En 1956, le général Giovanni De Lorenzo fut nommé à la tête du SIFAR sur la recommandation de
l'ambassadeur des Etats-Unis Claire Boothe Luce, la femme farouchement anticommuniste de
l'éditeur du magazine Time [Willems, op. cit., p. 82.]. Un acteur de premier plan était maintenant en
place dans Gladio. En 1962, la CIA aida à placer De Lorenzo à la tête de la police nationale (les
carabiniers), tandis qu'il conservait un contrôle effectif sur les services secrets.
Le général emmena avec lui 17 lieutenants pour éliminer les officiers insuffisamment engagés à
droite. Ce fut la première étape vers une tentative de coup d'Etat d'extrême droite, avec l'attaché
militaire américain Vernon Walters à sa tête. Cette même année, dans un mémorandum à De
Lorenzo, Walters proposa différents types d'interventions destinées à provoquer une crise nationale,
l'obstruction à une coalition de centre gauche, la fabrication de schismes entre les socialistes, et le
financement des forces favorables au statu quo [Ibid., p. 84.].
Pendant ce temps, selon des dossiers de la CIA trouvés à Rome en 1984, le chef de l'antenne de la
CIA William Harvey commença à recruter des « groupes d'action » à partir d'une liste de 2000
hommes « capables de lancer des bombes, de conduire des attaques, tout en accompagnant ces
actions d'une indispensable propagande » [Roberto Faenza, Il Malaffare (Milan, Mondadori, 1978),
p. 70, cité par Willems, op. cit., p. 85.]. Ces groupes eurent l'occasion de montrer leurs talents en
1963 dans le cadre d'une offensive antisyndicale. Des gladiateurs entraînés par les Américains,
habillés en policiers et en civils, attaquèrent des ouvriers du bâtiment qui manifestaient
pacifiquement à Rome, blessèrent 200 d'entre eux et dévastèrent une grande partie de la ville. Un
ancien général des services secrets fit le lien avec Gladio dans un témoignage ultérieur [Scalia, op.
cit., p. 11.].
Le lieutenant-colonel du SIFAR, Enzo Rocca, entraînait également, pour le coup d'Etat en
préparation, une milice civile composée d'ex-soldats, de parachutistes et de membres de
l'organisation militaire du « Prince Noir », Junio Valerio Borghese, la Decima MAS (dixième
escadron de torpilleurs) [M. Sassano, SID e Partito Americano (Venise et Padoue, Marsilio, 1975),
p.. 75-76 ; cité par Willems, op. cit., p. 85.]. Le président Antonio Segni connaissait, semble-t-il, ce
plan, qui devait se conclure par l'assassinat du premier ministre Aldo Moro, se retrouvant dans le
collimateur parce qu'il n'avait pas été assez dur avec les communistes [Stuart Christie, Stefano Delle
Chiaie : Portrait of a « Black » Terrorist (London, Refract Publishers, 1984), p. 24)].
La prise de pouvoir planifiée de longue date, connue plus tard sous le nom de Plan Solo, échoua en
mars 1964, les principaux carabiniers impliqués restant dans leurs quartiers. Comme l'enquête qui
s'ensuivit en venait à interroger Rocca sur la tentative de coup d'Etat, il se suicida, paraît-il, peut-
être pour respecter le serment de silence fait à Gladio. Après que des officiels eurent établi que des
secrets d'Etat étaient en cause, trois enquêtes s'enlisèrent et ne parvinrent pas à désigner les
complices du coupable [Willems, op. cit., p. 85.].

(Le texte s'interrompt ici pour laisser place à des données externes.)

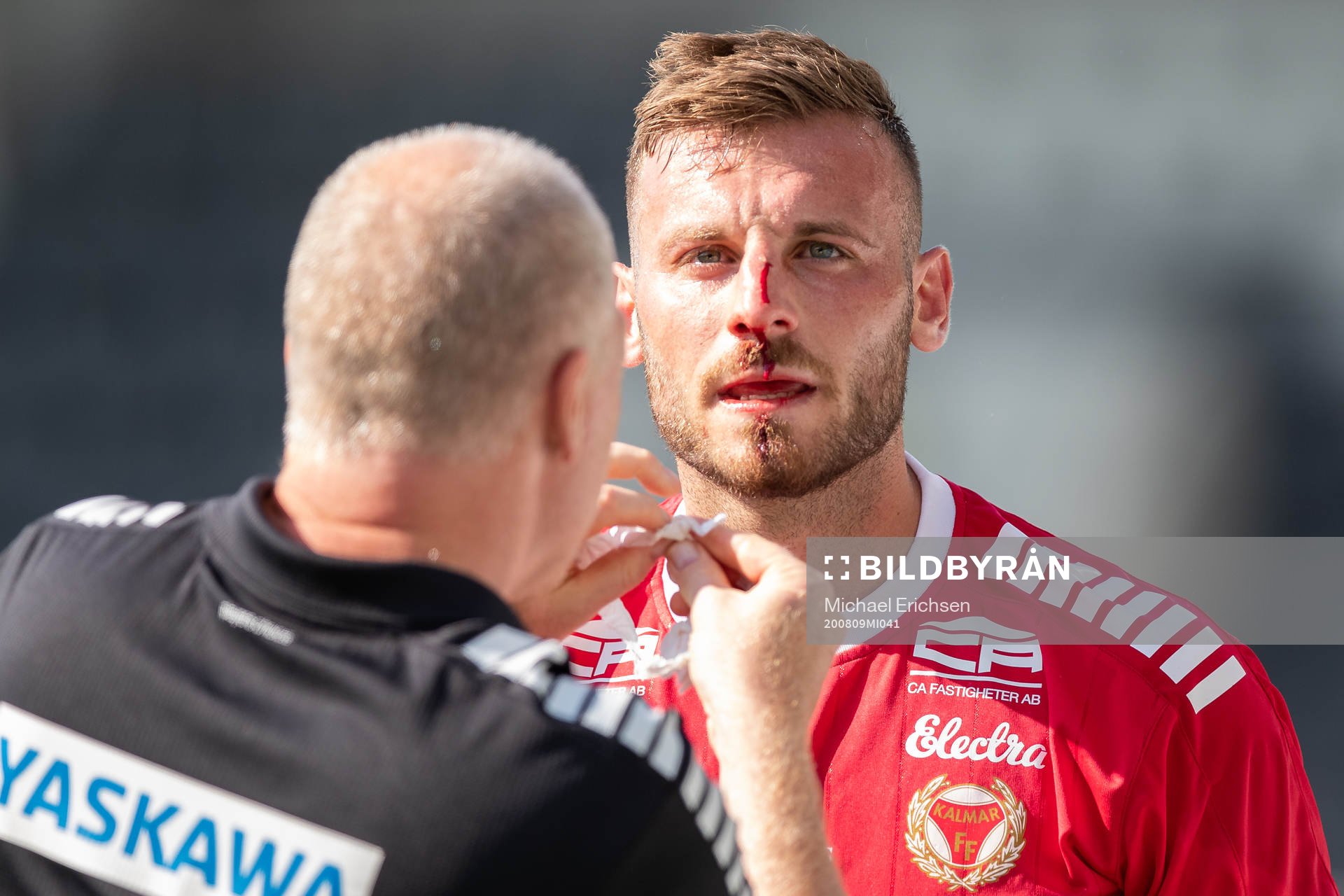 Kalmars Fidan Aliti blöder från näsan
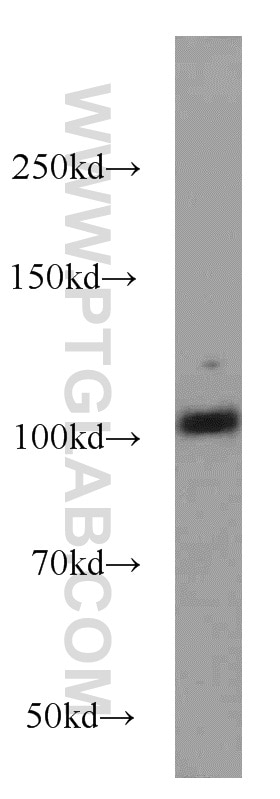 WB analysis of mouse brain using 55056-1-AP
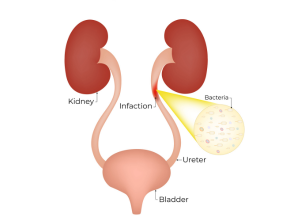 Recurrent Urinary Tract Infections (UTIs)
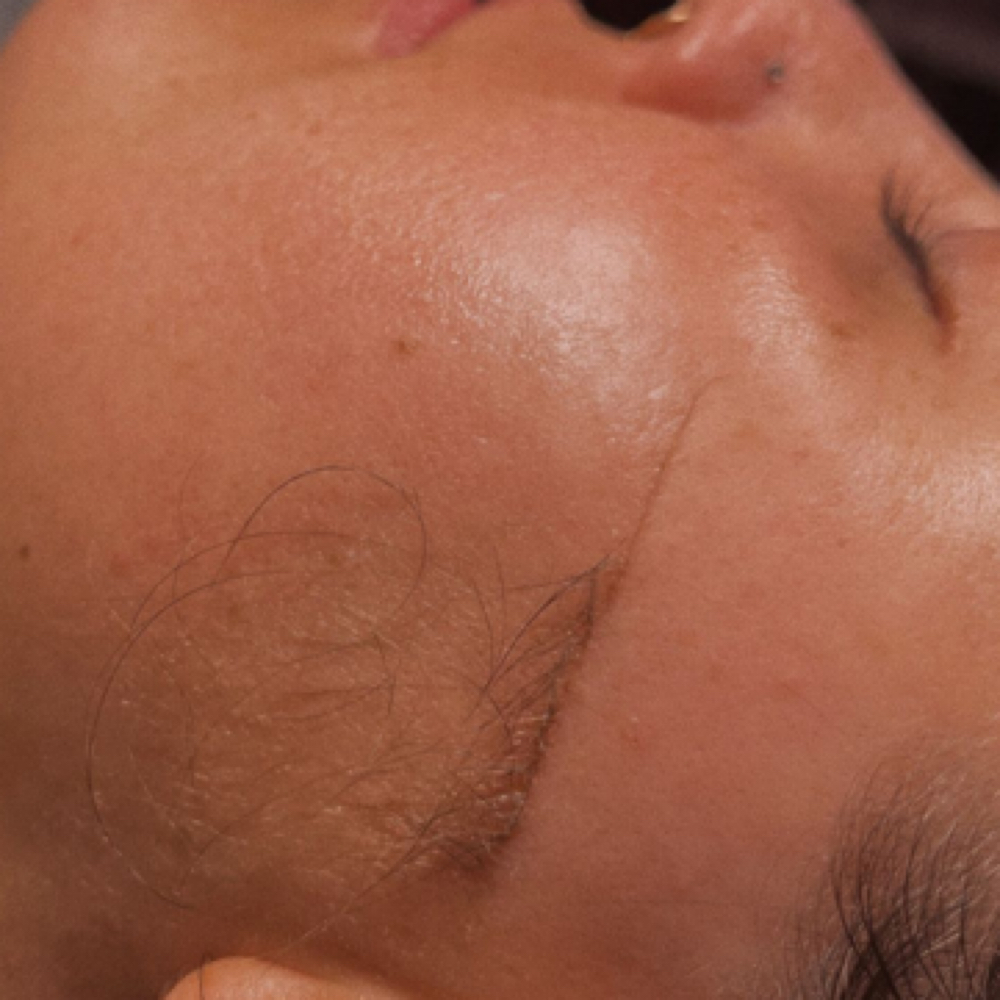 Dermaplane Facial at Simple Skin With Madison in Omaha, NE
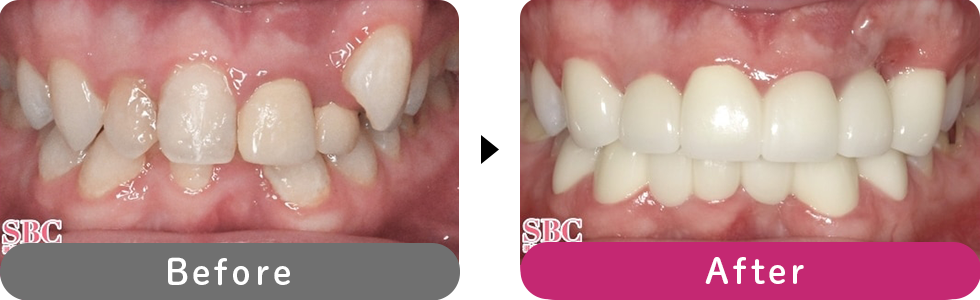 プレミアムダイヤモンドセラミックの症例写真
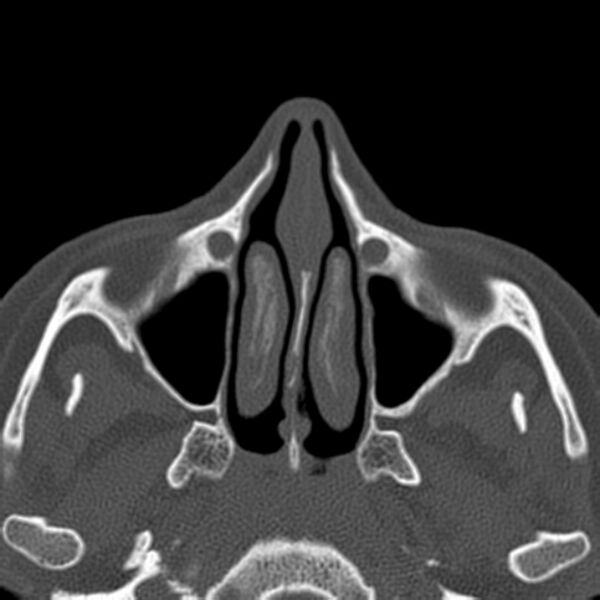 File:Nasolabial cyst (Radiopaedia 33987-35205 Axial bone window 20).jpg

6. Gladio: la guerre secrète des Etats-Unis pour subvertir la démocratie


italienne (la stratégie de la tension)

LA STRATEGIE DE LA TENSION

En dépit de l'échec du Plan Solo, la CIA et la droite italienne avaient largement réussi à créer les
structures clandestines prévues par l'opération Demagnetize. Dès lors, les conspirateurs
s'appliquèrent à renouveler l'offensive contre la gauche.
Pour se gagner le soutien des intellectuels, les services secrets organisèrent dans le luxueux hôtel
Parco dei Principi, à Rome en mai 1965, une conférence, consacrée à l' « étude » de la « guerre
révolutionnaire ». Le choix des mots révélait par inadvertance que les conférenciers et les
participants invités étaient en train de planifier une véritable révolution et non seulement de mettre
en garde contre une prise de pouvoir imaginaire des communistes. Le rassemblement était
principalement une réunion de fascistes, de journalistes d'extrême droite et de personnel militaire.
« La stratégie de la tension » qui en sortit était destinée à perturber la vie ordinaire par des attentats
terroristes pour créer le chaos et inciter un public effrayé à accepter un gouvernement encore plus
autoritaire [Mario Scialoja, « Un Convegno Explosivo », L'Expresso, 25 novembre 1990, p. 127.] .
Plusieurs « spécialistes » de cette opération avaient un casier judiciaire chargé d'activistes
anticommunistes et devaient être plus tard impliqués dans quelques uns des pires massacres que
connut l'Italie. L'un d'entre eux était le journaliste et agent secret Guido Giannettini. Quatre ans
plus tôt, il avait dirigé un séminaire à l'Académie navale américaine sur les « techniques et les
perspectives de coup d'Etat en Europe ». Un autre était le fasciste notoire Stefano Delle Chiaie qui
avait été, semble-t-il, recruté comme agent secret en 1960. Il avait organisé son propre groupe armé,
connu sous le nom d'Avanguardia Nazionale (AN), dont les membres avaient commencé à
s'entraîner aux tactiques terroristes en préparation du plan Solo [Christie, op. cité, pp. 26, 33.].
Le général De Lorenzo, dont le SIFAR était devenu le SID, eut tôt fait d'enrôler ces derniers ainsi
que d'autres hommes de confiance dans un nouveau projet Gladio. Ils planifièrent la création d'une
force parallèle secrète aux côtés des services gouvernementaux sensibles pour neutraliser les
éléments subversifs qui n'avaient pas été encore « purifiés ». Connu sous le nom de SID parallèle,
ses tentacules s'étendaient à presque toutes les institutions capitales de l'Etat italien. Le général Vito
Miceli, qui fut ensuite à la tête du SID, déclara qu'il mis en place cette structure séparée « sur
requête des Américains et de l'OTAN » [Ibid., pp. 35-36.].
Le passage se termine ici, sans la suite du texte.